Mais au-delà de l’action elle-même, il y a autre chose qui nous tient dans ce récit. Quelque chose qui apparaît petit à petit, aussi bien dans les dialogues que dans les didascalies. Et c’est une autre histoire qui surgit de ce petit logement, bien tenu, mais fatigué, usé, et qui a dû connaître des jours meilleurs : l’histoire et le vécu de toute une partie de la nation américaine, opprimée, martyrisée, écartée, victime d’un racisme quotidien, intégré, assumé, que l’on nomme généralement « ordinaire » comme si cela était normal et naturel de considérer une partie de l’humanité comme inférieure et devant s’assimiler, « renoncer à sa culture pour s’immerger complètement dans la culture dominante ». Une culture dominante qu’incarne à merveille Karl Lindner, le gentil monsieur blanc qui vient conseiller à la famille Younger de ne pas s’installer dans un quartier blanc parce que « les habitants de Claybourne Park, à tort ou à raison, sont convaincus que (…) pour le bien de tous, les familles de couleur sont plus heureuses lorsqu’elles vivent au sein de leur propre communauté ». Tout cela dit sans animosité aucune. Mr Lindner constate simplement que c’est comme ça, que personne n’y peut rien, que « ce sont des gens simples, honnêtes et travailleurs, qui n’ont pas grand’chose d’autre que leur maison ». D’ailleurs, récemment, un attentat fomenté contre une famille noire installée dans ce même quartier blanc leur donne raison.
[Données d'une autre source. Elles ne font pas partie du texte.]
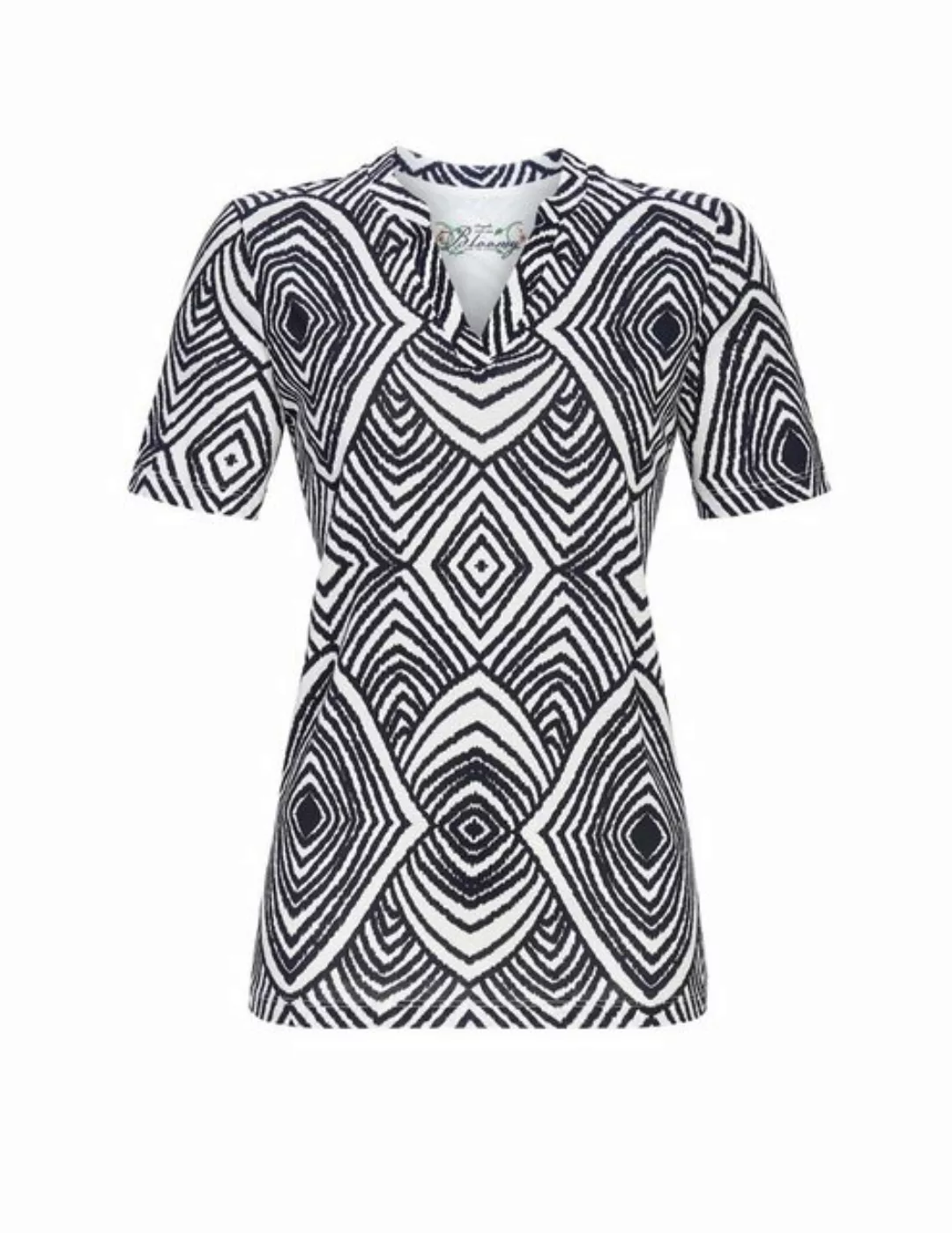 Ringella Pyjamaoberteil T-Shirt mit Ethno-Print (1-tlg) günstig online kaufen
Même si bien sûr tout le monde déplore cet état de fait. Il n’y a aucun didactisme dans ce texte, aucune vision simpliste de l’état du monde. Et les Noirs ne sont pas idéalisés. Ils ont des rêves bien sûr, des rêves d’indépendance, mais « Quid des escrocs, des voleurs, voire des simples idiots qui prendront le pouvoir pour voler et piller, exactement comme avant, sauf que là, ce seront des Noirs et qu’ils le feront au nom de la nouvelle Indépendance ? » Ils sont partagés, tiraillés, à l’image de Benethea dont le cœur balance entre George, bien intégré, trop peut-être, et Joseph Asagaï, un jeune Africain qui lui propose de le suivre en Afrique pour renouer avec ses racines ; Benethea qui voulait être médecin pour réparer les gens, mais qui se rend compte « que ça ne touche pas à la véritable souffrance humaine ». Et l’on se prend à aimer cette famille, à espérer avec elle, à prendre parti souvent. Jusqu’au bout d’un texte par ailleurs remarquablement traduit.

Patrick Gay-Bellile

Un raisin au soleil
Lorraine Hansberry
Traduit de l’américain par Samuel Légitimus et Sarah Vermande
L’Arche, 144 pages, 15,50

Du soleil et de la colère Par Patrick Gay Bellile
Le Matricule des Anges n°232 , avril 2022.